Alle Sprecher:innen beendeten ihre Reden mit den Worten „Ruhm für die Ukraine“.

Reaktionen von Gesetzgeber:innen und Teilnehmer:innen

Die Ko-Vorsitzende der Konferenz, Kommissionsvizepräsidentin Dubravka Šuica, und der Europaabgeordnete Guy Verhofstadt brachten ihre persönliche und institutionelle Unterstützung für die Ukraine zum Ausdruck.

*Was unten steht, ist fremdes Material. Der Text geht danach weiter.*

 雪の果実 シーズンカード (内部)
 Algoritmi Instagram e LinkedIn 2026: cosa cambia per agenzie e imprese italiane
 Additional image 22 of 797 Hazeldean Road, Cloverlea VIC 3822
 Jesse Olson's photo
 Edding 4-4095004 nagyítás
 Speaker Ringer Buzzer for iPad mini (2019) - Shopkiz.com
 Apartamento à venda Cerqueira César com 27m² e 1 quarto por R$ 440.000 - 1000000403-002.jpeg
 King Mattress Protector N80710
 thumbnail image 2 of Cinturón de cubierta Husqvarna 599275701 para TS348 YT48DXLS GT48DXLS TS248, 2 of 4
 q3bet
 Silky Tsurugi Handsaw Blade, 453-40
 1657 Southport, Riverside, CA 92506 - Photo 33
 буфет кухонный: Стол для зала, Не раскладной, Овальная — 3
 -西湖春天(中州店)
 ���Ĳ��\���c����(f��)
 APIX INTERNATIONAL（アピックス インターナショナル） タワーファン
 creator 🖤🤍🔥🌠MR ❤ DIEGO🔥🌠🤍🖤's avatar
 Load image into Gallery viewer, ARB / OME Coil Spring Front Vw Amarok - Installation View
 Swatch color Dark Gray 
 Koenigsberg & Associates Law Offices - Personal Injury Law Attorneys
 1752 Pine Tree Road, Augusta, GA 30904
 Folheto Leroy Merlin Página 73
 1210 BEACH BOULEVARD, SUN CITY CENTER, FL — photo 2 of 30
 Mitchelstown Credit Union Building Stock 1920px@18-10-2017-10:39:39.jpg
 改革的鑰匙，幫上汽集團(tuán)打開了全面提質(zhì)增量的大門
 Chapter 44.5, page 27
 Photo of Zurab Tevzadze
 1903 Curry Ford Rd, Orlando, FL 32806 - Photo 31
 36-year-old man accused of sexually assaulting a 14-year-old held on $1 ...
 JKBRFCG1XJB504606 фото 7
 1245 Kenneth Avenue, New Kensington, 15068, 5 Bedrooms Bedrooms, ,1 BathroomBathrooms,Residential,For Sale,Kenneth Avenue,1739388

Verhofstadt betonte insbesondere die Notwendigkeit, die Ukraine sowohl finanziell als auch militärisch zu unterstützen und ihr zu helfen, ein Kandidatenland für den EU-Beitritt zu werden.

Der Hohe Vertreter der EU, Josep Borrell, schaltete sich per Videoanruf zu und erklärte, dass die Mitte Februar angenommenen Empfehlungen der Bürger zur EU-Außenpolitik angemessen auf die Frage, wie die EU dem Verhalten Russlands strategisch begegnen solle, eingingen.

„Ich habe Ihre in Maastricht angenommenen Empfehlungen gelesen“, fügte er hinzu. „Sie wurden vor Beginn des Krieges geschrieben und sind sehr ambitioniert.“

Der Hohe Vertreter erläuterte, dass in diesen Vorschlägen drei Hauptbereiche für Maßnahmen genannt werden: die anhaltende Partnerschaft der EU mit anderen Staaten, Überwachung und Stabilität mit dem Schwerpunkt auf Autonomie und Grenzen sowie „eine starke und friedliche Welt mit Fokus auf Sicherheit und Verteidigung“.

Er sagte auch, dass der Vorschlag, im Rat mit absoluter Mehrheit über außenpolitische Themen abzustimmen, „seine Arbeit erleichtern würde“. Er hoffe, dass seine Nachfolger:innen im Amt mehr Macht haben werden.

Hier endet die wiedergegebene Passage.